> Input:

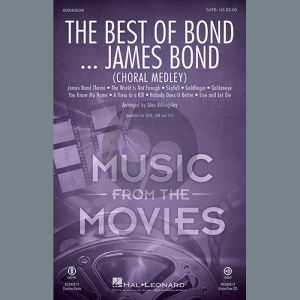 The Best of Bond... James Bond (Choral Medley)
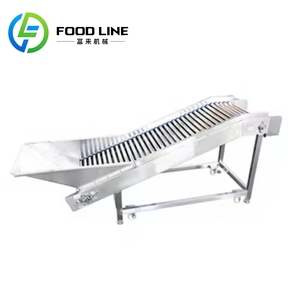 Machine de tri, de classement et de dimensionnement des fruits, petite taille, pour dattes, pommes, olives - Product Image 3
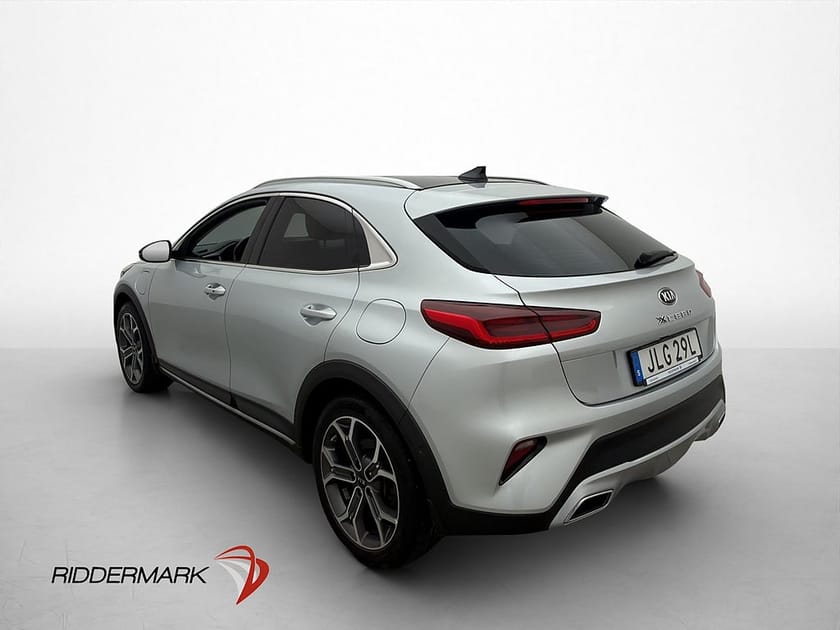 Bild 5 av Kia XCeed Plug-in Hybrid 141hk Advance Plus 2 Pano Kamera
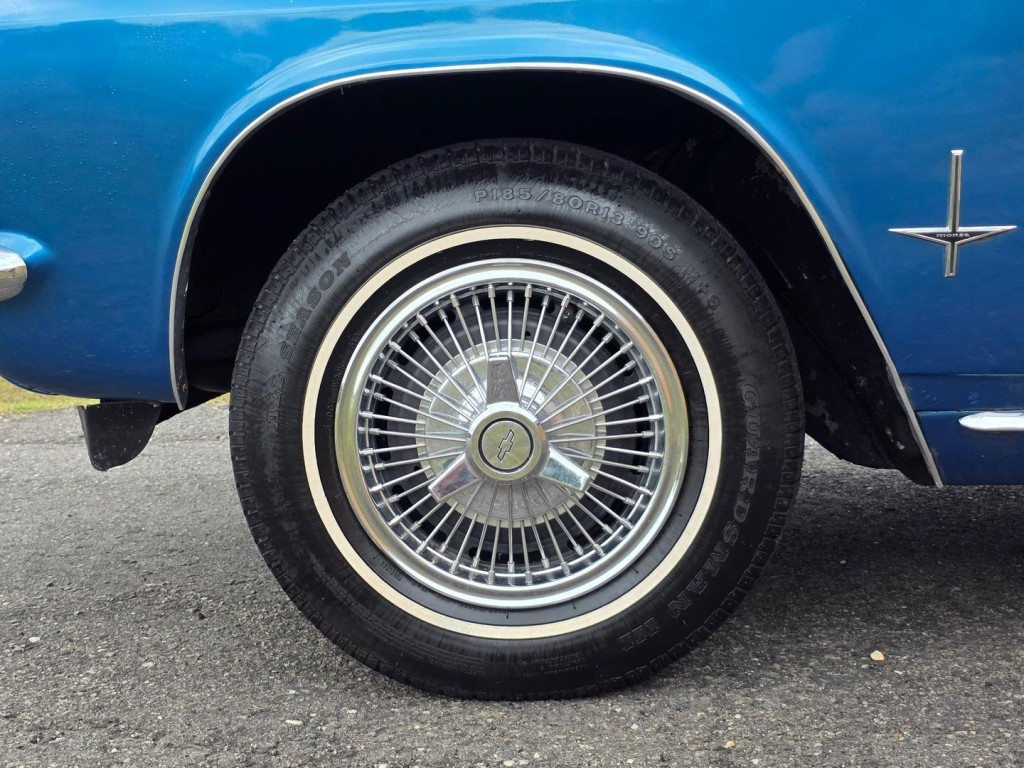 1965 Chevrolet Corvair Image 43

==

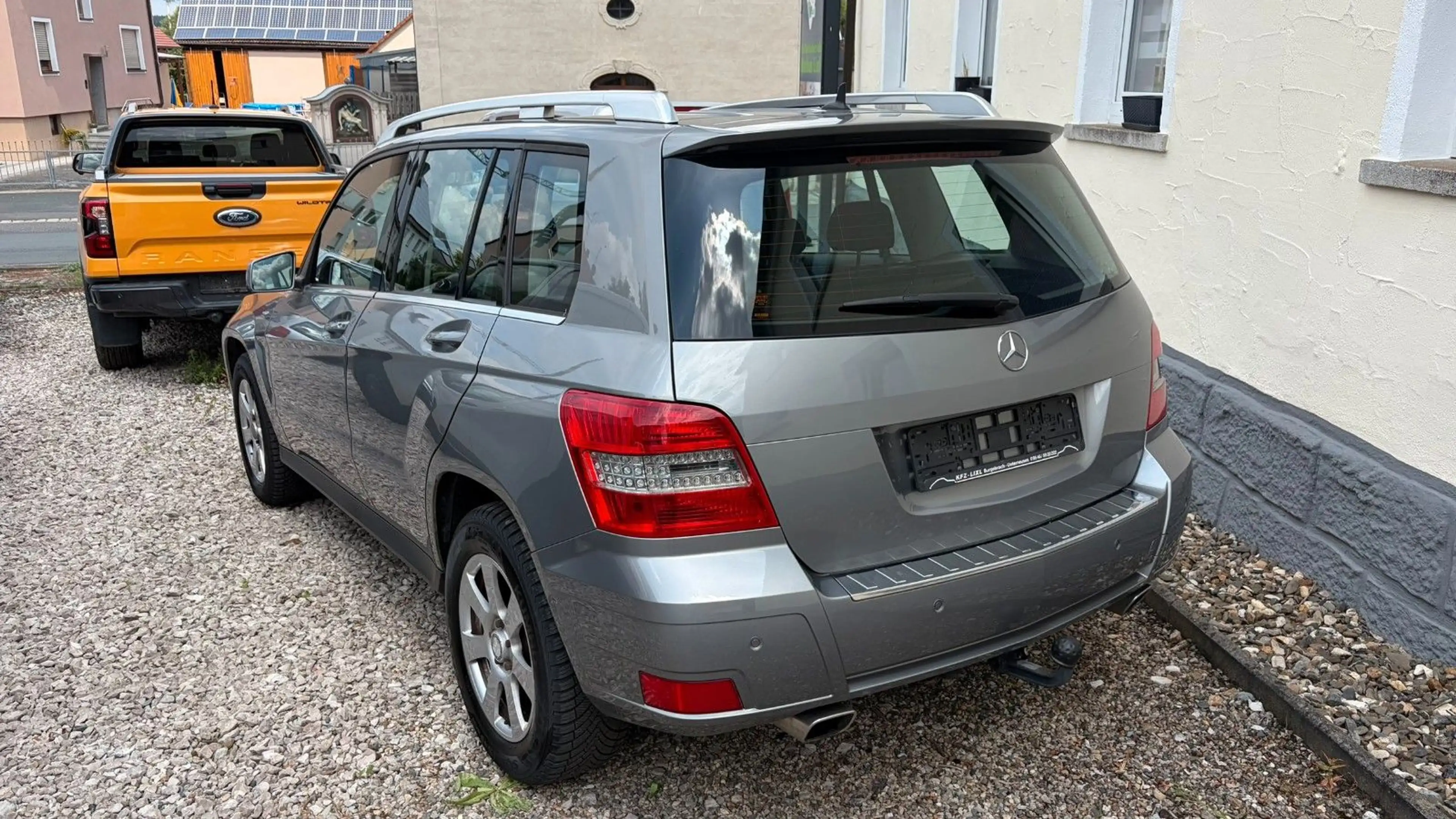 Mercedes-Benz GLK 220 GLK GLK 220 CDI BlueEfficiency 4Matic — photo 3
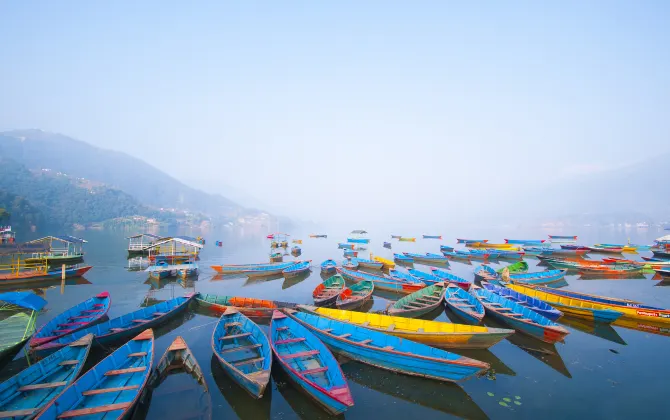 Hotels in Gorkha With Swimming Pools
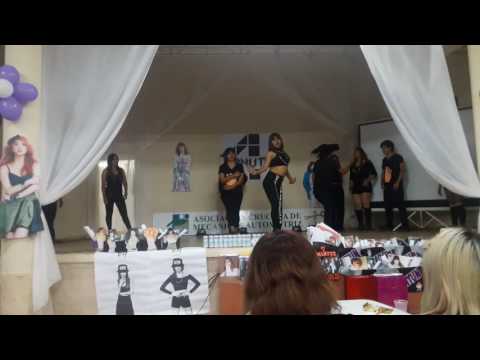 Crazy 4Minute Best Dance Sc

> What is being asked:
Restate word for word the lines of the data above that begin at the line with "Machine de tri, de" and end at the line with "1965 Chevrolet Corvair Image 43", keeping both ends and dropping every picture.

> Expected answer:
 Machine de tri, de classement et de dimensionnement des fruits, petite taille, pour dattes, pommes, olives - Product Image 3
 Bild 5 av Kia XCeed Plug-in Hybrid 141hk Advance Plus 2 Pano Kamera
 1965 Chevrolet Corvair Image 43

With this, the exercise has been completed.